This is a philosophical discussion so I am going to start with a concrete example to focus where I'm trying to go. The proof is in the attachment.

You walk up to 3 phase component.
Ambient is 40C
Two phases are 50C, third phase is 70C.

We have a number of ways of evaluating it. To evaluate the deviation from normal we normally look at rise above the normal "sister" phases 70-50 = 20C.

I propose that when you sit and think about it, a more useful quantity to examine is
Rise-above-ambient-suspect-faulty / Rise-above-ambient-sister = (70-40) / (50-40) = 3.0

In an approximate way, this represents the ratio of the suspect faulty component electrical resistance to the normal sister component electrical resistance. As such, it is not greatly affected by load or wind conditions. In contrast, rise above sister is greatly affected by both wind and load.

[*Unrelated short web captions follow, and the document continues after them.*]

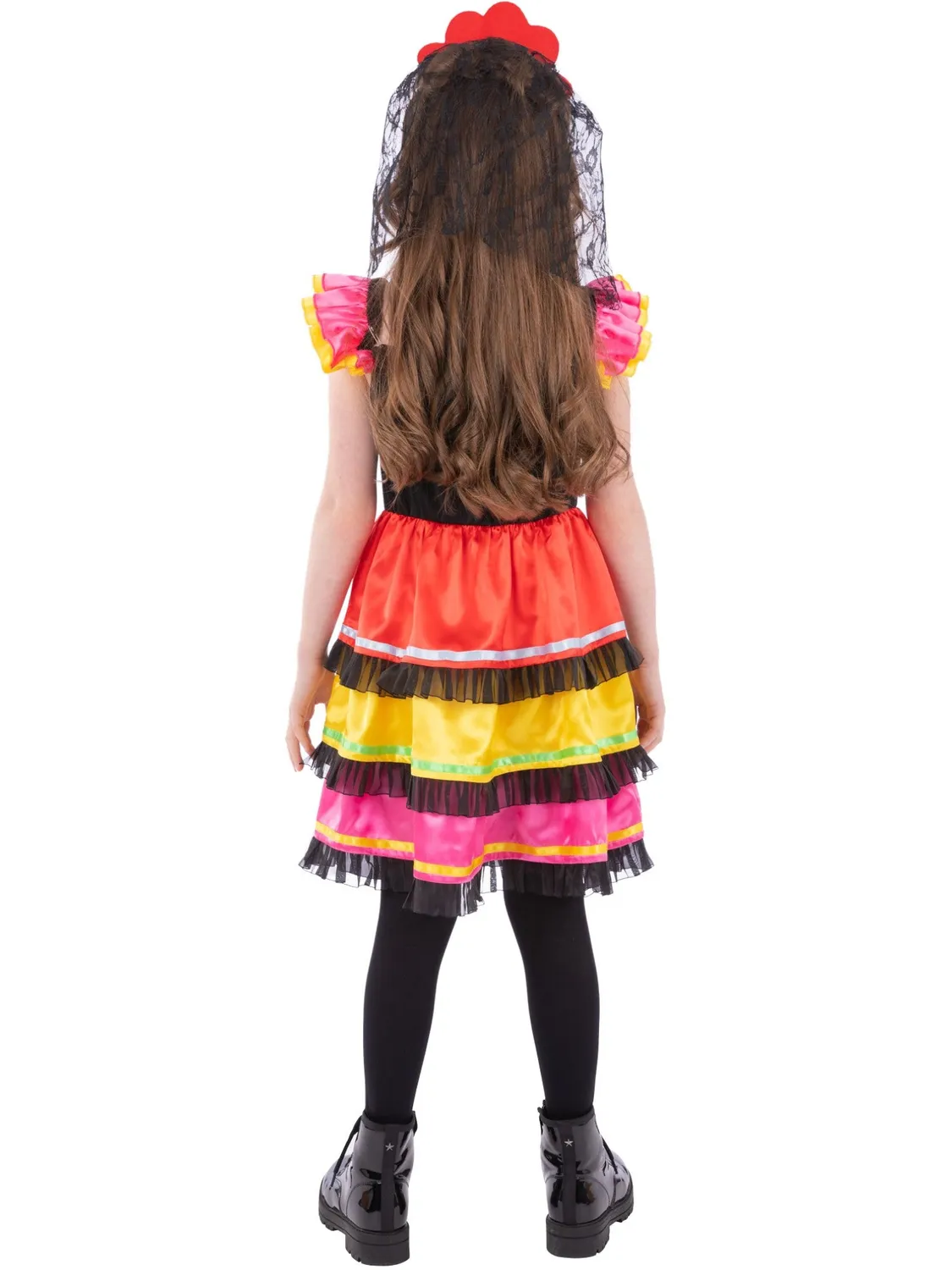 Smiffys Day of the Dead costume bambina teschio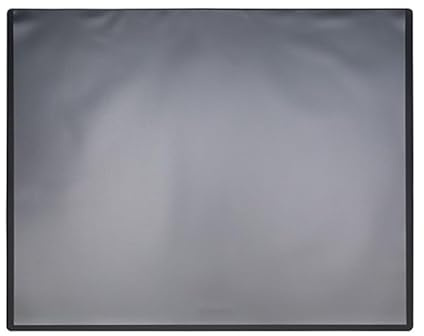 Q-Connect Schreibtischunterlage/Mousepad für alle Maustypen/Wasserdicht/Zum Büro/Zur Schule/Heim/PP/Schwarze Farbe mit transparenter Folie / 500x630mm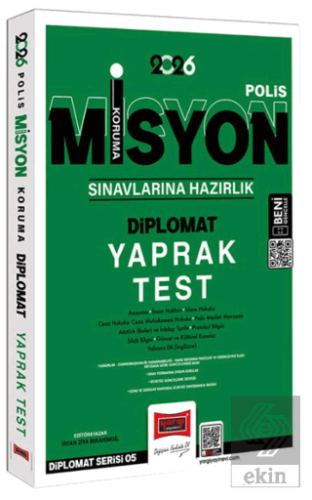 2026 Polis Misyon Koruma Sınavlarına Hazırlık Diplomat Yaprak Test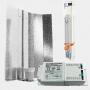 Beleuchtungsset 600W Osram NAV-T Super - Hammerschlagreflektor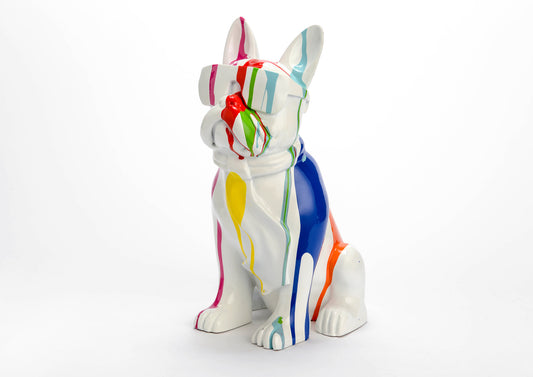 French Bulldog Statue in resin. Height 36 centimeters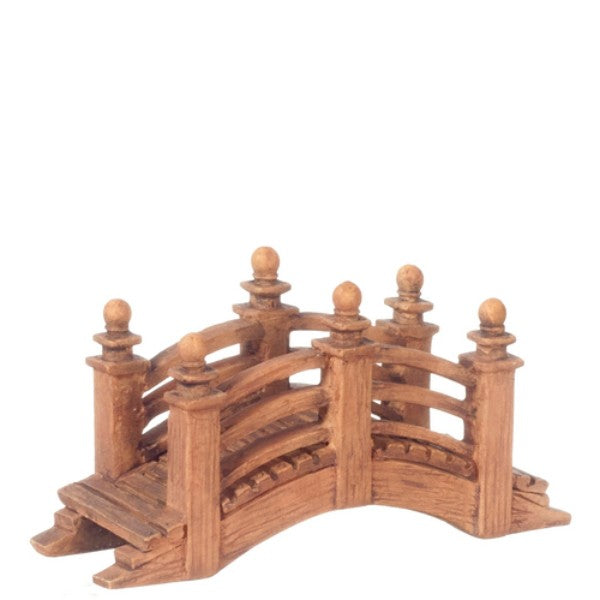 Dollhouse Miniature Garden Bridge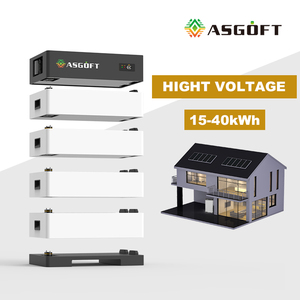 Asgoft High Voltage 409.6V/100Ah Energy Storage Battery EU Stock 20/25/30/35/40KWH Electricity <b>Generator</b> for <b>Solar</b> CAN IP65 - Product Image 2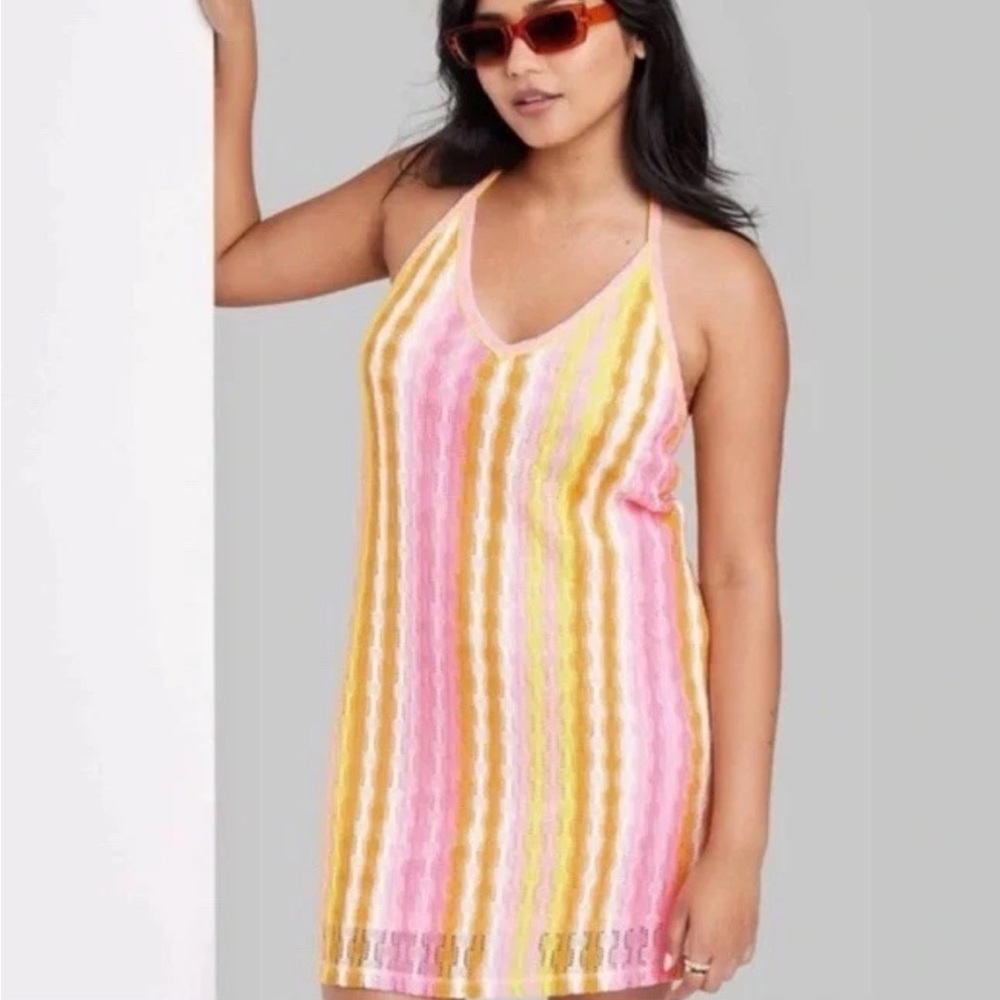 Wild Fable Crochet Halter Mini Dress Plus Size 4X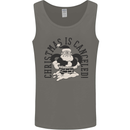 Christmas Is Cancelled Funny Bah Humbug Mens Vest Tank Top Charcoal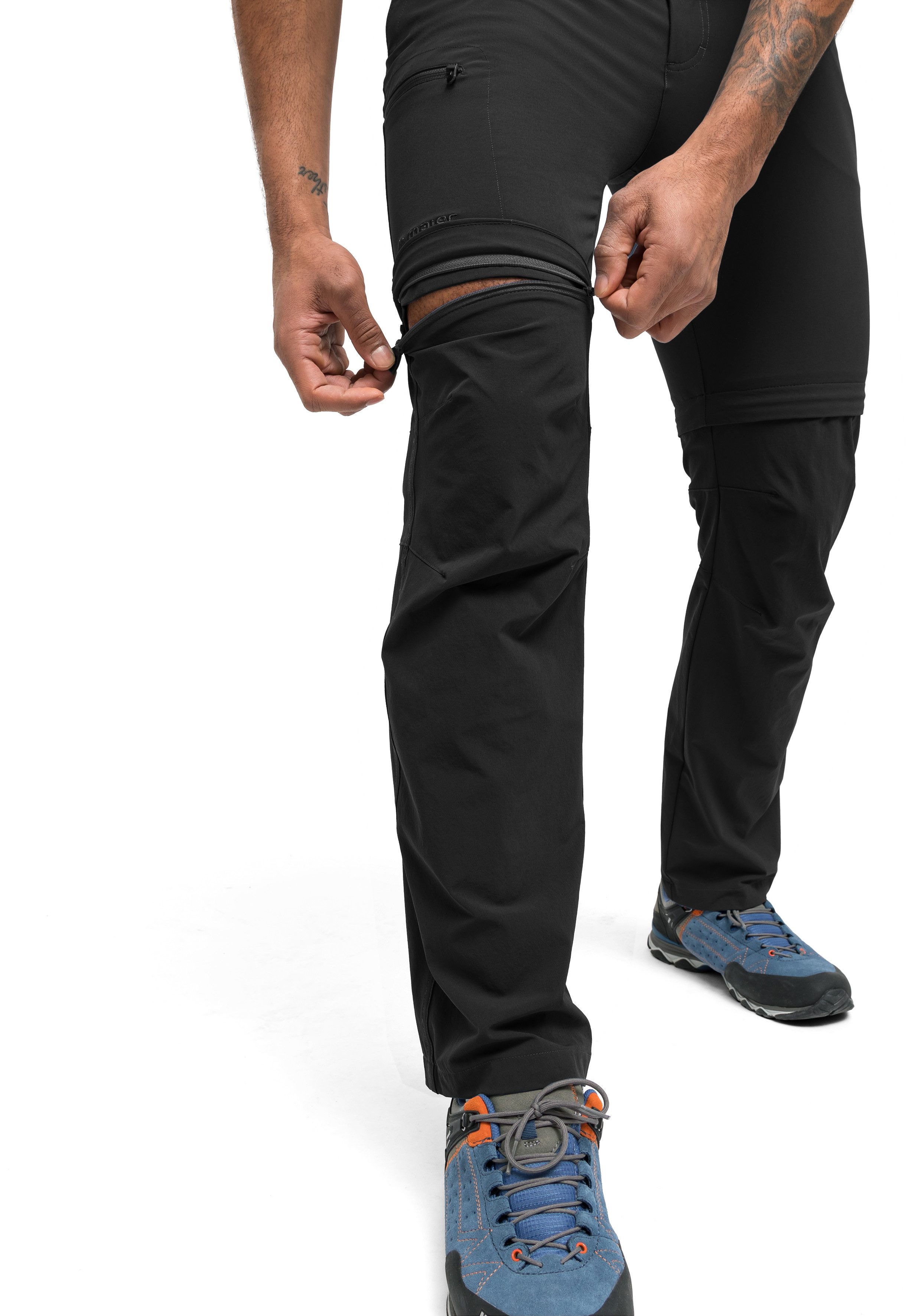 Maier Sports Functionele broek Tajo 2 Heren wandelbroek, afritsbare outdoorbroek, 4 zakken, regular fit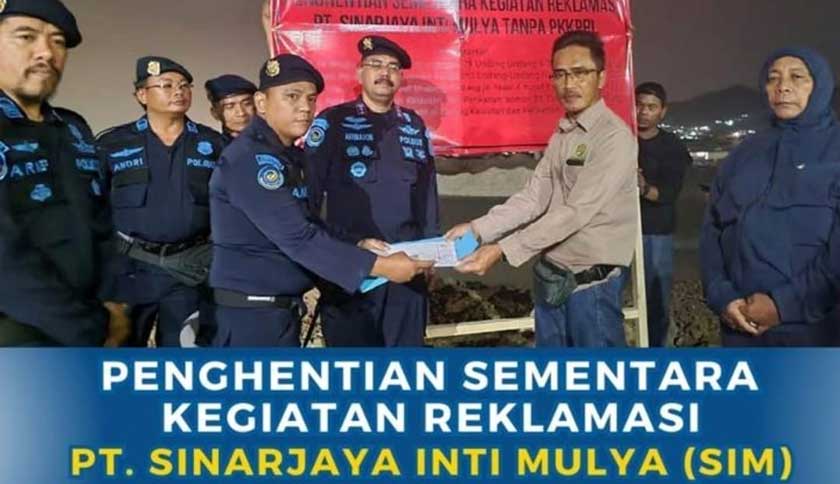 KKP Hentikan Sementara Reklamasi PT SJIM, Perusahaan Harus Urus Izin PKKPRL
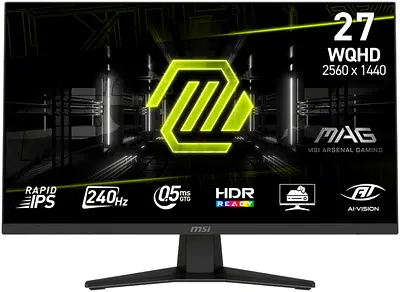 MSI MAG 274QF X24 Gaming Monitor – 27” WQHD, 240Hz Rapid IPS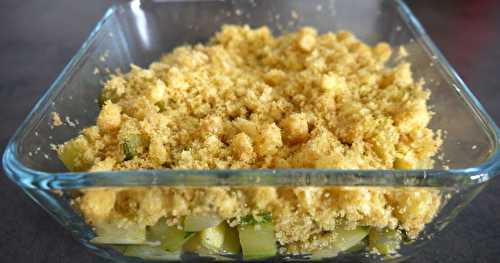 Crumble de courgettes aux Curly 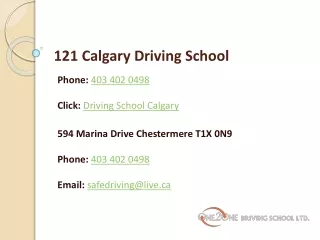 Calgary driving school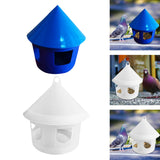 Maxbell Pigeon Water Dispenser Easy to Use Large Capacity for Hen Budgie Cockatiel Blue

Linked to this message is an attachment (RfaultOverRnormal.doc) which provides the math framework for these claims. I heartily recommend that when you view it you switch to View Menu and select "outline" view (available in both word and internet explorer when viewing this document). Then you can use the indentation of the outline will help show you the structuve of a discussion. Statements that support a previous statement are indented under that statement. Also will be helpful to turn off formatting (show formatting button on the outline toolbar). If you don't get the right format, it is going to look like a bunch of aimless rambling. (perhaps some people will conclude that anyway?.... hope not ;-).

This message has been edited. Last edited by: electricpete,

RfaultOverRNormal.doc (36 Kb, 54 downloads) Discussion

Here is a spreadsheet that provides examples of temperature rises computed using the model of the above word document. The punchline of course is that the ratio I propose depends only on equipment condition (resistance ratio) and not on load and wind. Also suitable for indirect heating situations.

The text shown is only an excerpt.